Neural-Network based Grapheme to Phoneme conversion

Ivelin Stoianov (Rijksuniversiteit Groningen)
John Nerbonne (Rijksuniversiteit Groningen)


The problem of converting graphemes to phonemes is a part of the bigger,
text to speech conversion problem and it is solved traditionally with
rule-based approaches. An alternative that is being explored in the past
few years is to train neural networks (NNs) to convert sequences of
letters into sequences of phonemes for a given language. The first known
connectionist implementation of this task - the NETtalk model (Sejnowski
& Rosenberg 1987) - uses the static Multilayer Perceptron and encodes
with a shifting window, the context that the system needs in order to
compute the correspondent phoneme(s). Other reported systems employed
also the Multilayer Perceptron, but with different encoding schemes
(e.g., Seidenberg & McClelland, 1989). Most of the following
connectionist research continued using the MLP (e.g., Plaut, McClelland,
Seidenberg and Patterson, 1996; Zorzi & Houghton, 1998), until recently
(Stoianov, Stowe & Nerbonne, 1999), where another NN model - the Simple
Recurrent Networks (SRNs) - was used to map the orthographical to
phonological representations of 6100 monosyllabic words. The important
difference between those two NNs is that the latter one is dynamic and
keeps the information about the past events in its internal,
distributively represented memory. This enables the SRNs to learn
properly the sequential mapping from text to phonemes by observing and
producing single graphemes / phonemes only.

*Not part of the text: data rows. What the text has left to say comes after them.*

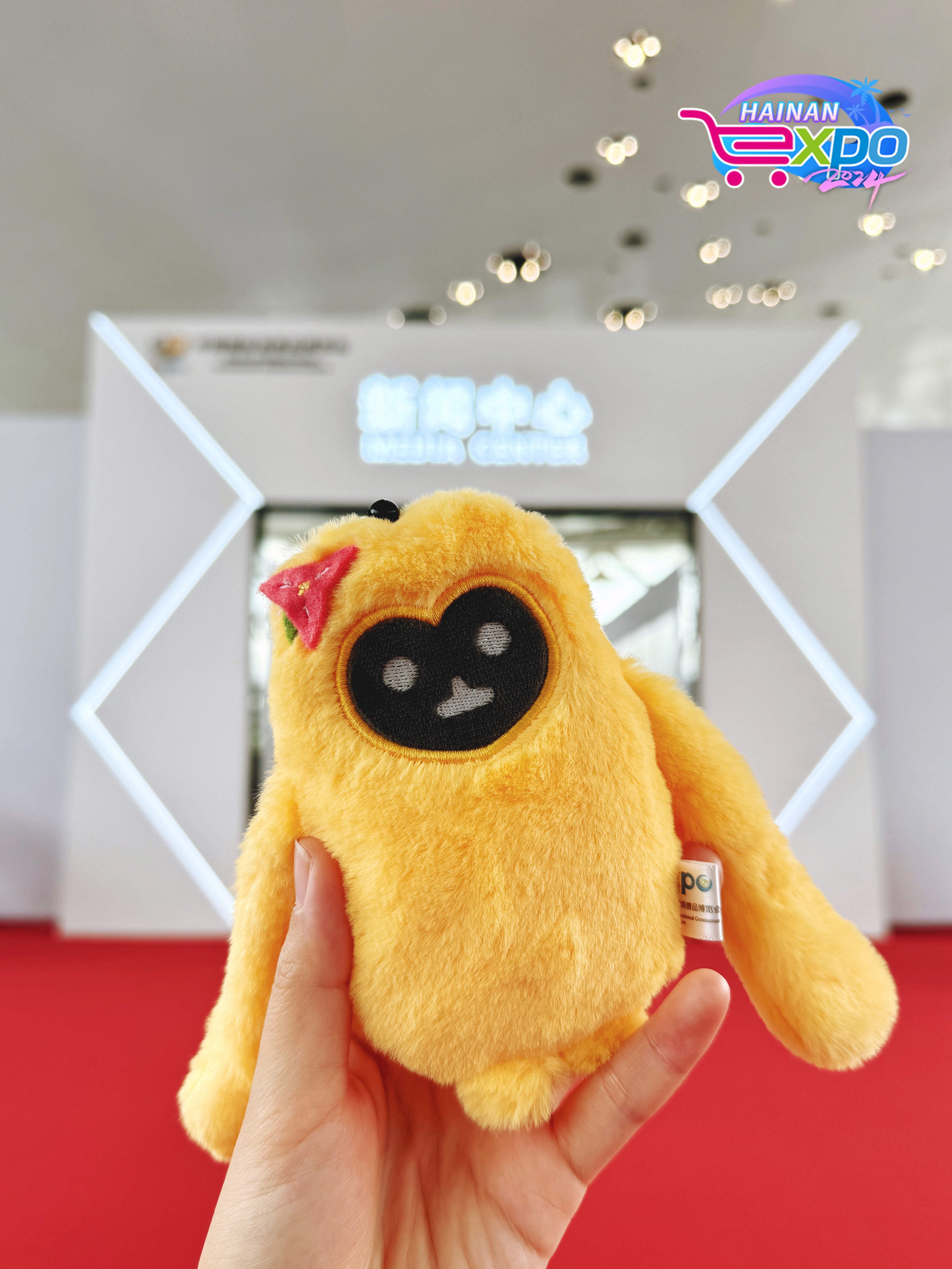A mascot of the fourth China International Consumer Products Expo is held in front of the media center, Haikou City, south China's Hainan Province, April 12, 2024. Guo Meiping/CGTN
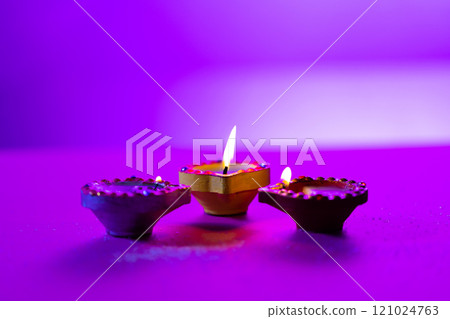 Close up of three diwali candles with copy space on purple background Close up of three diwali candles with copy space on purple background 121024763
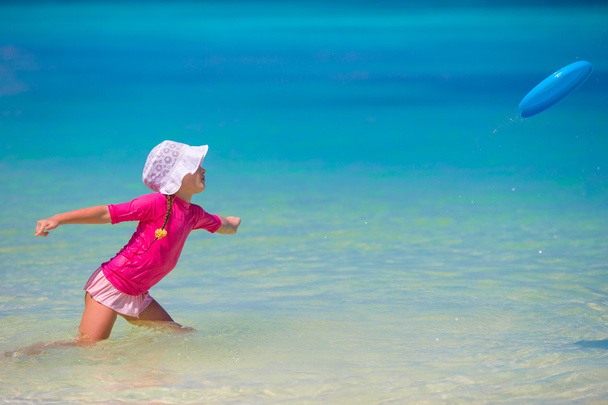 Маленькая девочка играет с летающим диском на wnite beach
 - Фото, изображение
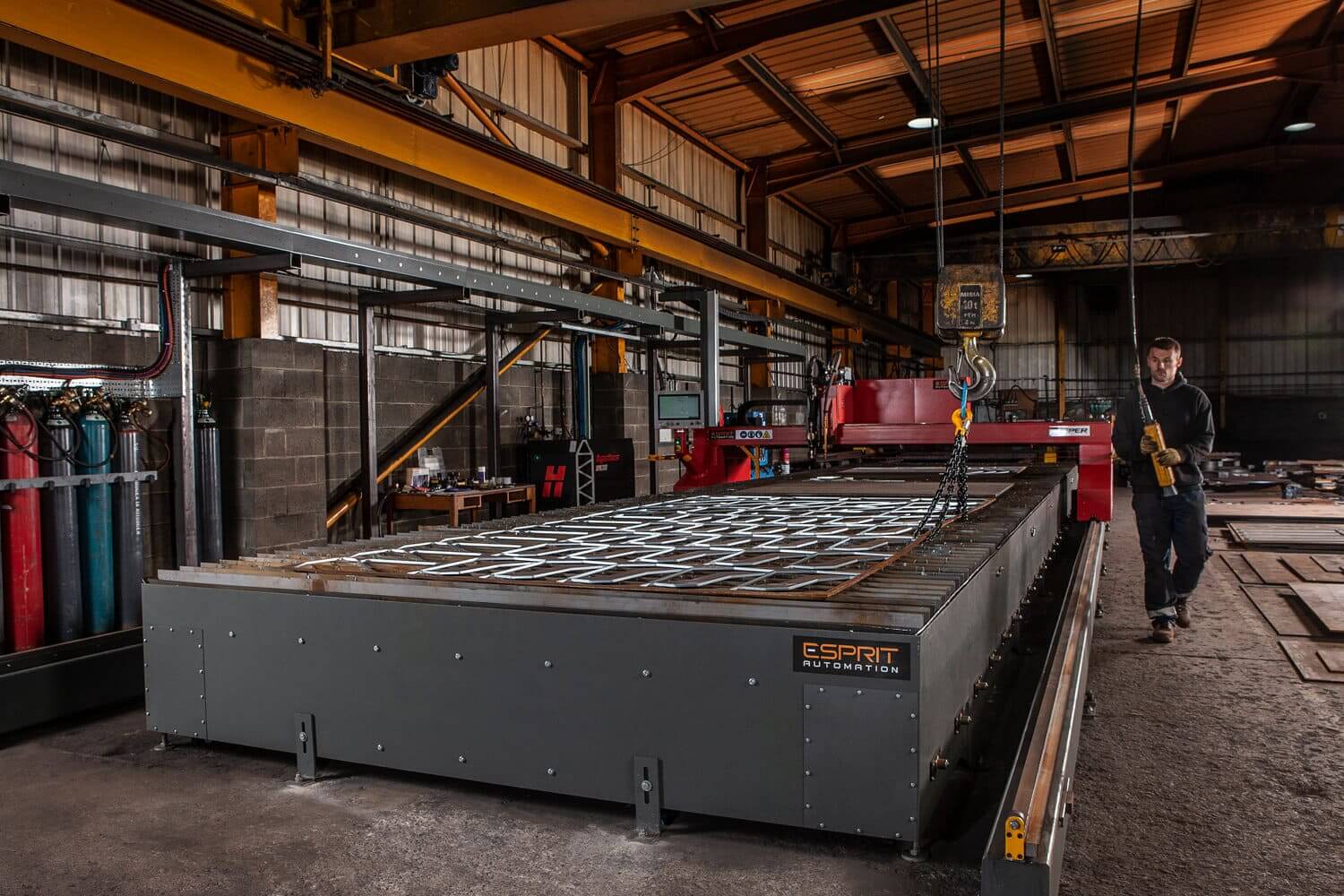 Esprit Automation CNC plasma cutting machine in active workshop production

In the current report, we present further exploration of the the SRN capacity to learn such a complex mapping, by using feature-based grapheme and phoneme representations. This encoding provides a background knowledge to the neural network about the similarities across the phonemes and graphemes and makes the learning easier, as opposed to the orthogonal encoding in (Stoianov, Stowe and Nerbonne, 1999), where every phoneme is encoded with one output neuron. With feature based encoding, NNs with four times fewer parameters learned the same task, which means four times faster training. Also, this opened the possibility to learn larger corpora consisting of polysyllabic words.

In the presentation, more details about the model will be provided and the performance of the model will be compared to the performance of other methods.